5Denizin ve karanın üzerinde durduğunu gördüğüm melek, sağ elini
göğe kaldırdı. 6Göğü ve gökte olanları, yeri ve yerde olanları,
denizi ve denizde olanları yaratanın ve sonsuzluklar boyunca
yaşayanın hakkı için yemin edip dedi ki, «Artık gecikme olmayacak.

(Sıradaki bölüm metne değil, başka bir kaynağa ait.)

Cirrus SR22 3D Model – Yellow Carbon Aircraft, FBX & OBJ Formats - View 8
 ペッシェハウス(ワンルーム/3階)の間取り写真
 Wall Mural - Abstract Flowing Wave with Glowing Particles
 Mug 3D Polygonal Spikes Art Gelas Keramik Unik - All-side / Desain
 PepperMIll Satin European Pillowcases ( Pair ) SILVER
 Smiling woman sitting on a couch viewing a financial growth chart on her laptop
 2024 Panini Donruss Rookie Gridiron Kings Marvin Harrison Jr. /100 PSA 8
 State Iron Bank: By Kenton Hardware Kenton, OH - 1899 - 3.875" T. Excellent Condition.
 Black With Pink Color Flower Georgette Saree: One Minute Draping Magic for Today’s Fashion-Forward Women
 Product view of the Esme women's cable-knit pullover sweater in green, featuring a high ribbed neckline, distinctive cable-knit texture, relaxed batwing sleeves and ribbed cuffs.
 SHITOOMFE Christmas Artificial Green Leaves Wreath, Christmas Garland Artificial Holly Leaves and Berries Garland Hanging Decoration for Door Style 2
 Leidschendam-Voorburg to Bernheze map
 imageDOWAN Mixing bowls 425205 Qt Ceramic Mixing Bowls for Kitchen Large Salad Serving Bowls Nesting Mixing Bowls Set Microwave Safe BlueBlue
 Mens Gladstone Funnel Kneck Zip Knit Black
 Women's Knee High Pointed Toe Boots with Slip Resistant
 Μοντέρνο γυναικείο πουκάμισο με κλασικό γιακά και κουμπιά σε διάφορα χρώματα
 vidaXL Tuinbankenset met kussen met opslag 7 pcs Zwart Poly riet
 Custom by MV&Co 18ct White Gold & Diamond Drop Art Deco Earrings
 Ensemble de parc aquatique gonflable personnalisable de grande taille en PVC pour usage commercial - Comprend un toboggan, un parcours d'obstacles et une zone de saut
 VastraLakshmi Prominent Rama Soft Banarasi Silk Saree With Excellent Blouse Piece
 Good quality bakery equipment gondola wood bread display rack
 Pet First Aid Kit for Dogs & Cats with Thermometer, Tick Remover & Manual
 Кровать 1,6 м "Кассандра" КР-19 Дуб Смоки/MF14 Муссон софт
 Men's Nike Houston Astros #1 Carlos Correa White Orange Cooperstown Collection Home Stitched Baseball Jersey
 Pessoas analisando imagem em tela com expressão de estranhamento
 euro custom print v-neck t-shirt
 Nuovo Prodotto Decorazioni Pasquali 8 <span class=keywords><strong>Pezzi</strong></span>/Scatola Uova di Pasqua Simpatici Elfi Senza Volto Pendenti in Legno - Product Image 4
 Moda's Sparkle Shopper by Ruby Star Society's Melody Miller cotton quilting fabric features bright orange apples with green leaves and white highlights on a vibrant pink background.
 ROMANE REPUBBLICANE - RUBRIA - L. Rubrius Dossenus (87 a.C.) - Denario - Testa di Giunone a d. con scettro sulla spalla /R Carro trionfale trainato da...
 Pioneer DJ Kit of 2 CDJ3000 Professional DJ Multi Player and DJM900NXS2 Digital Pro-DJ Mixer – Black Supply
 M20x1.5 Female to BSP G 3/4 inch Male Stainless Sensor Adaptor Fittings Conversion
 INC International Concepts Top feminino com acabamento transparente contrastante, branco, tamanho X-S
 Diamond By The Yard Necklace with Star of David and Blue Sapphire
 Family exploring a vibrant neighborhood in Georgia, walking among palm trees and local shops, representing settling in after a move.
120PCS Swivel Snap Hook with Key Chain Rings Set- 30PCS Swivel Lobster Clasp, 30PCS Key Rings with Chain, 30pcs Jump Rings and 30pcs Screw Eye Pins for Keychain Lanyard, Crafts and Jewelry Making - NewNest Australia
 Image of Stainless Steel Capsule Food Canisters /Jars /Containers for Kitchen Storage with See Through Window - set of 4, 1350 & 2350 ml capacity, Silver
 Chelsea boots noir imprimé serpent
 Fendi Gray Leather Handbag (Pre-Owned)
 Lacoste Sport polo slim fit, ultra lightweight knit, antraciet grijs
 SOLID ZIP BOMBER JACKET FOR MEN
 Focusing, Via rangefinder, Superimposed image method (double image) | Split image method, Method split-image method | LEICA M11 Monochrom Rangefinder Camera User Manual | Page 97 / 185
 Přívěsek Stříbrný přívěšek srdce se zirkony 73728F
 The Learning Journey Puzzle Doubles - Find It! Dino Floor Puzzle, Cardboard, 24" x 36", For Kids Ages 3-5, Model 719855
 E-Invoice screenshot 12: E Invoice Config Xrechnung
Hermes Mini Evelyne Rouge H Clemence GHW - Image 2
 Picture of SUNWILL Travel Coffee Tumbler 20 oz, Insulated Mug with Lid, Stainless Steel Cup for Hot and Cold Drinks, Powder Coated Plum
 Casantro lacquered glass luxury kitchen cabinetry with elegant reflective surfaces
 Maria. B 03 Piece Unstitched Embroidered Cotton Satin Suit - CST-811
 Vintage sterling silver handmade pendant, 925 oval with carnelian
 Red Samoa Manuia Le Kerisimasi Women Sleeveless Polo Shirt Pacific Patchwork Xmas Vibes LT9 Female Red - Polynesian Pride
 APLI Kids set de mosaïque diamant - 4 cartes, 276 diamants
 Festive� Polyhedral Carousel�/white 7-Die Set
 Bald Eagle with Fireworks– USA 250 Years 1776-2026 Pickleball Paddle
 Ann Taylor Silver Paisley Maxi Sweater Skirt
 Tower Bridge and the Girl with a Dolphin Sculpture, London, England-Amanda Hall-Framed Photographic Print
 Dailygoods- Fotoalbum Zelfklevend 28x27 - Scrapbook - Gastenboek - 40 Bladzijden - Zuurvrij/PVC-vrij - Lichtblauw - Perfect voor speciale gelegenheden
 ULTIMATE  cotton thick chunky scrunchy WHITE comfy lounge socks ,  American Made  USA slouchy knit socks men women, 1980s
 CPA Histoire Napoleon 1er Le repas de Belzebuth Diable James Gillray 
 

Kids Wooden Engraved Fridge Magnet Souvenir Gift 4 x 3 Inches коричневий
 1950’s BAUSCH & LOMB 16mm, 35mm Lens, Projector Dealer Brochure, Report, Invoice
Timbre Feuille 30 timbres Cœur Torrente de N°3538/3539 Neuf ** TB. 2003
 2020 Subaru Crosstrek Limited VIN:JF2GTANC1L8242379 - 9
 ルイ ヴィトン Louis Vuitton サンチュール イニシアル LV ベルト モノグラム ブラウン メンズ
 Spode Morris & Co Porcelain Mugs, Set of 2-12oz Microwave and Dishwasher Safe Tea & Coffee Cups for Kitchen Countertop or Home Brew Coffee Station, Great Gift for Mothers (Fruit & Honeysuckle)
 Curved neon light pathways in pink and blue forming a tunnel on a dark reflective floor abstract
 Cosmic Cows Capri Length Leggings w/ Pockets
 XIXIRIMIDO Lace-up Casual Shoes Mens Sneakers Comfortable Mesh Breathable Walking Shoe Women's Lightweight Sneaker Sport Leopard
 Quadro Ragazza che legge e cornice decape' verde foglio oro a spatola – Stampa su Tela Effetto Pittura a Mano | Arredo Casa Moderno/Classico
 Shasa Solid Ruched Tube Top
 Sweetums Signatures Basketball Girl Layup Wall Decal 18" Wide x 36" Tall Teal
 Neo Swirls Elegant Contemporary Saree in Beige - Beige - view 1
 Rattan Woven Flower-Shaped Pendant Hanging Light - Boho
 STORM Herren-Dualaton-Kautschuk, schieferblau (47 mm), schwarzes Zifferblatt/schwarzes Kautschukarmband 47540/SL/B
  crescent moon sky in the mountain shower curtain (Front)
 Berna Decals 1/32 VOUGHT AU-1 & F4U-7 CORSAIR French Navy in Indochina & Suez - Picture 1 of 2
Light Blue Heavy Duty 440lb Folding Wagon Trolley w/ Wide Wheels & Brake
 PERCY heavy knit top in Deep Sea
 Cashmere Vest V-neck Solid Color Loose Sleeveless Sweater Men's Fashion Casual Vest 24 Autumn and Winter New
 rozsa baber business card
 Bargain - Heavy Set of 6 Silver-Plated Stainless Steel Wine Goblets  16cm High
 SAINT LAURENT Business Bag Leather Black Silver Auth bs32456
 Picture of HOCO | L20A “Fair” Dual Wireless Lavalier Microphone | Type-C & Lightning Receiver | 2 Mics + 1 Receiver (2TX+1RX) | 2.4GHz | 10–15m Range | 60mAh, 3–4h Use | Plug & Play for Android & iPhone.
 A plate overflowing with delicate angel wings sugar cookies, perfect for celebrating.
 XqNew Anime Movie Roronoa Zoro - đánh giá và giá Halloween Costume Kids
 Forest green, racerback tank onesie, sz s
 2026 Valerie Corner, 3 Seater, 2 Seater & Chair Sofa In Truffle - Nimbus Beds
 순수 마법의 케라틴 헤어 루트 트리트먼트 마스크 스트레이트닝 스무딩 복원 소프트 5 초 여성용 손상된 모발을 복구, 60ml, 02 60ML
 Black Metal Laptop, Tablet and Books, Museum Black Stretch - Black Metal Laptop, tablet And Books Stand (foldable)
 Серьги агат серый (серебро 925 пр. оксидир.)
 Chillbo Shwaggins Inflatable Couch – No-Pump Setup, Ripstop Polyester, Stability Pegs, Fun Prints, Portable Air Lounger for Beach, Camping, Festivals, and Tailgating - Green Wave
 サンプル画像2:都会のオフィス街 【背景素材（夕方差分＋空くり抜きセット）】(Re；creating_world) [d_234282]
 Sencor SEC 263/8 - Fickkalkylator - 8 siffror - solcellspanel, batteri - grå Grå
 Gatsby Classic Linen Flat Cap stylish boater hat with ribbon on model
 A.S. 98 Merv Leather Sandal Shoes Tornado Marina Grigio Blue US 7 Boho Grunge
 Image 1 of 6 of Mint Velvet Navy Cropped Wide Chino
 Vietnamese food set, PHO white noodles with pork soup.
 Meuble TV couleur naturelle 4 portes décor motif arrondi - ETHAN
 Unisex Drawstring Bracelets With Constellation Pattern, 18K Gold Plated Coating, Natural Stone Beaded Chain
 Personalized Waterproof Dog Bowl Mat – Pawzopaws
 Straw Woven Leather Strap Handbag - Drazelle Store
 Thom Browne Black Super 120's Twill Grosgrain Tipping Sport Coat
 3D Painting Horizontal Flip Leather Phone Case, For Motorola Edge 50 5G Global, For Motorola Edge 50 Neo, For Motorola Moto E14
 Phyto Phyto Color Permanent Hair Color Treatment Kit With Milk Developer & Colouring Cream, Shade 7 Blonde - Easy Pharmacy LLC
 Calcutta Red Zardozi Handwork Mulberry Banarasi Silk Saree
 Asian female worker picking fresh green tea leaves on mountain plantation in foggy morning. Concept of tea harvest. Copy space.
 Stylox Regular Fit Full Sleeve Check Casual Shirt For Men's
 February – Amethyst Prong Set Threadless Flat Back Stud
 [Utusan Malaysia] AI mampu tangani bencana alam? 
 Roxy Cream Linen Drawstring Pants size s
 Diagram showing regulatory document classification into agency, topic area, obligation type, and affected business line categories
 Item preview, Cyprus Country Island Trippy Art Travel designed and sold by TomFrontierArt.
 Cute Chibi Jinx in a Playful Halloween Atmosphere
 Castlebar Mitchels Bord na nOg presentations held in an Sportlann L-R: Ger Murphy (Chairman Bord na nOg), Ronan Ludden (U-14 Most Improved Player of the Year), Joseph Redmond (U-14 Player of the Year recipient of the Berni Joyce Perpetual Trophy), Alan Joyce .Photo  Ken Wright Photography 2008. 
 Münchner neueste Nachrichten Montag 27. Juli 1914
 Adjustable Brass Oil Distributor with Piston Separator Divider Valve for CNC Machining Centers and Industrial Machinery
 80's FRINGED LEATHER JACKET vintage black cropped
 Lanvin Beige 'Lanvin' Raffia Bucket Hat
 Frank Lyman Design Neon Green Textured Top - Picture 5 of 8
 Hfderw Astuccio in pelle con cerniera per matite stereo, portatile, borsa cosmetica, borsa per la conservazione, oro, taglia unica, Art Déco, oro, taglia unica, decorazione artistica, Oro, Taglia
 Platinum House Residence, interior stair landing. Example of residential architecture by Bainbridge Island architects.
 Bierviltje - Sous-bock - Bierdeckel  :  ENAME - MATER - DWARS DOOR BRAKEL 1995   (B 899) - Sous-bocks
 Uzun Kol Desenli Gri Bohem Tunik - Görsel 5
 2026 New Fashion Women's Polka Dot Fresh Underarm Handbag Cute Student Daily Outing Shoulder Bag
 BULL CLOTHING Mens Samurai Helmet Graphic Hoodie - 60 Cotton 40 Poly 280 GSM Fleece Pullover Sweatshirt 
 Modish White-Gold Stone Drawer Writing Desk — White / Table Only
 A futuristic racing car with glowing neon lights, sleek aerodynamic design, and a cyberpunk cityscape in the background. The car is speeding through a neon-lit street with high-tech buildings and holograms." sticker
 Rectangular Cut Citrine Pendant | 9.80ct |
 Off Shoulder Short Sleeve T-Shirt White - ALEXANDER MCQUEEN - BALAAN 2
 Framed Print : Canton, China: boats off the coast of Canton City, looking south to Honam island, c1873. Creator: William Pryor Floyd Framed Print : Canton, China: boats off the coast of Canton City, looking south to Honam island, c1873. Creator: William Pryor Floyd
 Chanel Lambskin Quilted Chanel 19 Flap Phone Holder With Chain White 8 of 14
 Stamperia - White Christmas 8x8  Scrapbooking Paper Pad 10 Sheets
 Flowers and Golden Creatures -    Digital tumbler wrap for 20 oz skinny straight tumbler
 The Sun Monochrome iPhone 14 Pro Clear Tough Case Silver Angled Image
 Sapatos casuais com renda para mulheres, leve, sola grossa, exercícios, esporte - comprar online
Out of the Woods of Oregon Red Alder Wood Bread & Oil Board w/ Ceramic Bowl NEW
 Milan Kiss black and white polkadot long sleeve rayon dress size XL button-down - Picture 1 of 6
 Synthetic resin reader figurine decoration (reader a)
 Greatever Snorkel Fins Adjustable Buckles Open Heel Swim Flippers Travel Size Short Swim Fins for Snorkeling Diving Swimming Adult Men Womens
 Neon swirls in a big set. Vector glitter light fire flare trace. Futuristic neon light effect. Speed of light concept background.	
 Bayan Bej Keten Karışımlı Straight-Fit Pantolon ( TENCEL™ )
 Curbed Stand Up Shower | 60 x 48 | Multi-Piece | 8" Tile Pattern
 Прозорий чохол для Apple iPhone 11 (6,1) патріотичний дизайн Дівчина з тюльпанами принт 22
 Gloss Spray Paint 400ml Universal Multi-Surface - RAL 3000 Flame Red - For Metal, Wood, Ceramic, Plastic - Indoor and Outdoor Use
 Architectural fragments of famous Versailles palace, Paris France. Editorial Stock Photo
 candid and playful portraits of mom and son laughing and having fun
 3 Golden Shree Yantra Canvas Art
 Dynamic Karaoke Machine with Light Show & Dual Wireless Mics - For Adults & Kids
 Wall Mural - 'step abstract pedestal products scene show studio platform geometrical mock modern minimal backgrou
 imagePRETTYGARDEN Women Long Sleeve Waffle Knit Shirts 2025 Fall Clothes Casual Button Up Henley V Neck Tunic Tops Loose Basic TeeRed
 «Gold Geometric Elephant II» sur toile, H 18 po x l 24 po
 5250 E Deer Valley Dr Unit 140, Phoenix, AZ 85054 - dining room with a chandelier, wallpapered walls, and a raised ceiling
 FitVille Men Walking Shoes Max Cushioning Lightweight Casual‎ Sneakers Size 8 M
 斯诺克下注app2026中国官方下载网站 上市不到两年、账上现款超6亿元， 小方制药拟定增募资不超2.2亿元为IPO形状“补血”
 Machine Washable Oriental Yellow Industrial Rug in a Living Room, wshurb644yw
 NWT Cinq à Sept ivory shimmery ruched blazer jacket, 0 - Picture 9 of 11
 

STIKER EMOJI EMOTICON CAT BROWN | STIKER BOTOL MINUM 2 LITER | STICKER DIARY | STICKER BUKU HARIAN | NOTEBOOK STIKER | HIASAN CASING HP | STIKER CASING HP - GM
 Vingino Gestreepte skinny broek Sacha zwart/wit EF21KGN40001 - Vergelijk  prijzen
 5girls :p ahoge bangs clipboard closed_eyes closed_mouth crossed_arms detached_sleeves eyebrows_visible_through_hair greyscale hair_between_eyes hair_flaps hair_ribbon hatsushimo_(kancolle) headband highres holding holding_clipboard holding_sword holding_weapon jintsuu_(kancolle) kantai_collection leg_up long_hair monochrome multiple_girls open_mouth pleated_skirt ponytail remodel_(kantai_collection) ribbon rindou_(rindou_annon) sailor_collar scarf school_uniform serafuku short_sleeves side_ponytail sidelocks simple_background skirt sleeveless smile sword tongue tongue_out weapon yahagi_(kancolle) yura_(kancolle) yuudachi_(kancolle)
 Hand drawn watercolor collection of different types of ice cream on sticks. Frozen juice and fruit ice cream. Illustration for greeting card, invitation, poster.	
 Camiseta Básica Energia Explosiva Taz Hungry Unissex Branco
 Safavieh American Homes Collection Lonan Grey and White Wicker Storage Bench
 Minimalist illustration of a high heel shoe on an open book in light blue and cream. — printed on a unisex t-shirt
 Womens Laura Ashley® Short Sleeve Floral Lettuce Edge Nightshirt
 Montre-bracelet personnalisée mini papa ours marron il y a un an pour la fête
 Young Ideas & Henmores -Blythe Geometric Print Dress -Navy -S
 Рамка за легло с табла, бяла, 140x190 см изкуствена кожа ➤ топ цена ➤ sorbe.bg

7Yedinci melek borazanını çaldığı zaman, Tanrı'nın sır olan tasarısı
tamamlanacak. Nitekim Tanrı bunu, kulları peygamberlere
müjdelemişti.»
8Gökten işitmiş olduğum ses benimle yine konuşmaya başladı: «Git,
denizin ve karanın üzerinde duran meleğin elindeki açık tomarı al»
dedi.
9Meleğin yanına gidip küçük tomarı bana vermesini istedim. Bana,
«Al, bunu ye!» dedi. «Midende bir acılık yapacak, ama ağzında bal
gibi tatlı olacak.» 10Küçük tomarı meleğin elinden alıp yedim.
Ağzımda bal gibi tatlıydı. Ama onu yuttuğumda midem acılaştı.
11Sonra bana şöyle dendi: «Senin yine birçok halklar, uluslar,
diller ve krallarla ilgili olarak peygamberlikte bulunman gerekir.»